Ni siquiera me atrevo a pensar en lo que haría si me mataran a un hijo. Lo único que puedo hacer es depositar mi maldad en el Huerto de los Olivos de mi oración secreta, en la mirada de Dios. Solo allí. 

¿Y luego? 

Que yo sepa construir un pedacito microscópico del Reino aquí, en este lugar inútil en el que vivo, y que santifique en mí su nombre, aquí y ahora, en este poco que vivo, con mis medios pobres e insuficientes, con mi miseria, con mi inutilidad. 


Luego les dijo: «Si uno de vosotros tiene un amigo y a medianoche va a su casa y le dice: “Amigo, préstame tres panes, porque ha llegado de viaje un amigo mío y no tengo nada que ofrecerle”; y el que está dentro le responde: “No me molestes, la puerta ya está cerrada, mis hijos y yo estamos acostados, no puedo levantarme para darte los panes”, os digo que, aunque no se levante a dárselos porque es su amigo, al menos por su insistencia se levantará para darle los que necesite.

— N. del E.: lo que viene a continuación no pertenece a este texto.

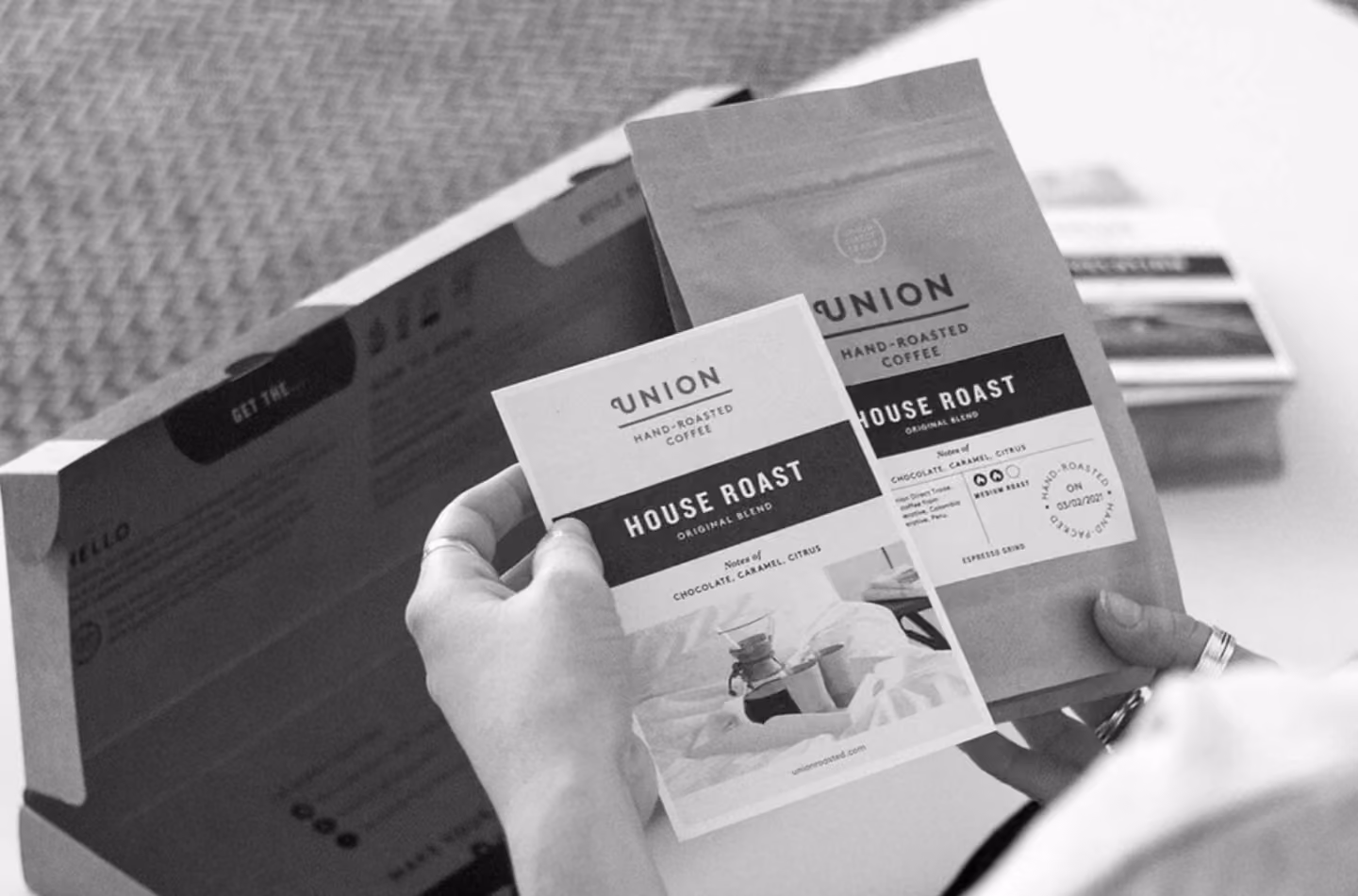 Person holding a Union House Roast coffee bag and matching info card over an open box on a white table.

Tercera cosa: Jesús nos propone un Dios al que pedir. Pedir descaradamente. Un amigo al que molestar, un amigo que ni siquiera es bueno, pero que nos responderá solo por agotamiento. Siento mucha ironía en Jesús. Como si hablara de mí. Como si quisiera ensuciar aún más la oración, hacerla revolotear entre mis miserias. Como si me pidiera que no puliera las fórmulas, sino que llevara la vida real, la que nos pesa, la que no es en absoluto perfecto. 

Así que me encuentro preguntándome cuáles son las necesidades decepcionantes que llevo en mi corazón. No las cosas políticamente correctas que leemos en los folletos impresos de la Misa dominical, no la paz en el mundo y la lucha contra el cambio climático, sino aquellas cosas que me hieren de cerca. Una pelea con el vecino, la incomprensión con los amigos, el miedo a no estar a la altura, los errores que estoy cometiendo en el ámbito profesional, las veces que me pierdo en mis pensamientos inútiles, las presunciones de verdad, la cantidad astronómica de excusas que me doy a mí mismo para no tomar las riendas de mi vida con franqueza. 

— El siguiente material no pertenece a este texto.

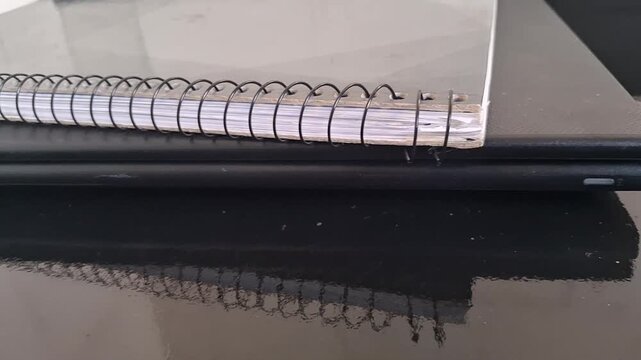 Spiral bound notebook resting on a black laptop motion footage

He aquí, leo esta página del Evangelio y me parece que Jesús me golpea contra mi vida, tal y como es, con la espalda contra la pared, contra mi banalidad. Luego, tal vez pensamos en la paz en el mundo. O, mejor aún, en esta gran conexión de la Creación, la verdad sobre mí mismo, sobre esta mínima parte del todo, reverbera luego luz sobre todas las cosas. Ciertamente, se necesita conversión, y es una lucha muy dura que solo se puede librar personalmente. Por mí y por toda la Creación. 

Pues bien, yo os digo: pedid y se os dará, buscad y hallaréis, llamad y se os abrirá. Porque todo el que pide, recibe; y el que busca, halla; y al que llama, se le abre. 

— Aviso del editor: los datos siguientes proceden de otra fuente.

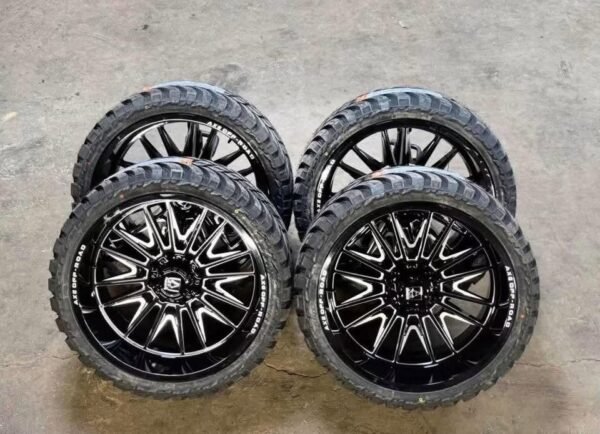 24x12 AXE WHEELS + 33x13.50R24 AMP R/T TIRES — 8x170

Cuarta cosa: pedir, buscar y llamar. Y mientras escucho, me doy cuenta de que mi oración se ha vuelto cada vez más burguesa, refinada pero esencialmente vacía, elegante y exageradamente correcta. Anémica porque rica en sí misma. El pobre pide, el pobre busca, el pobre llama. No hay escapatoria, no me está pidiendo que escuche, que me deje encontrar o que esté dispuesto a abrir la puerta de mi casa, no me está pidiendo que sea bueno, eso es cosa de quienes están dispuestos a dar respuestas y ofrecer servicios, eso es cosa de ricos, Jesús me está suplicando que siga teniendo hambre. Me está preguntando si sigo teniendo frío, si sigo teniendo miedo... y si no lo tengo, es imposible rezar. 

¿Qué padre de vosotros, si su hijo le pide un pescado, le da una serpiente en lugar del pescado? ¿O si le pide un huevo, le da un escorpión? Si vosotros, que sois malos, sabéis dar cosas buenas a vuestros hijos, ¡cuánto más vuestro Padre celestial dará el Espíritu Santo a quienes se lo pidan!». 

Quinta cosa: soy malo. En la oración podemos decirlo, Dios y yo podemos confesárnoslo. Sin fingir, al menos aquí. La oración saca a relucir mi maldad. Pero también revela la paradoja del Padre que me pide que reconozca que siempre me ha dado cosas buenas, incluso aquellas que yo veía como serpientes o escorpiones. 

Quizás la oración sea todo esto, bajar todo al nivel del suelo, dejarse encontrar allí. Sin engañarse a uno mismo creyendo que es bueno. Dejar que Dios se revuelque conmigo en mi barro. Sin tapujos. Salvándome.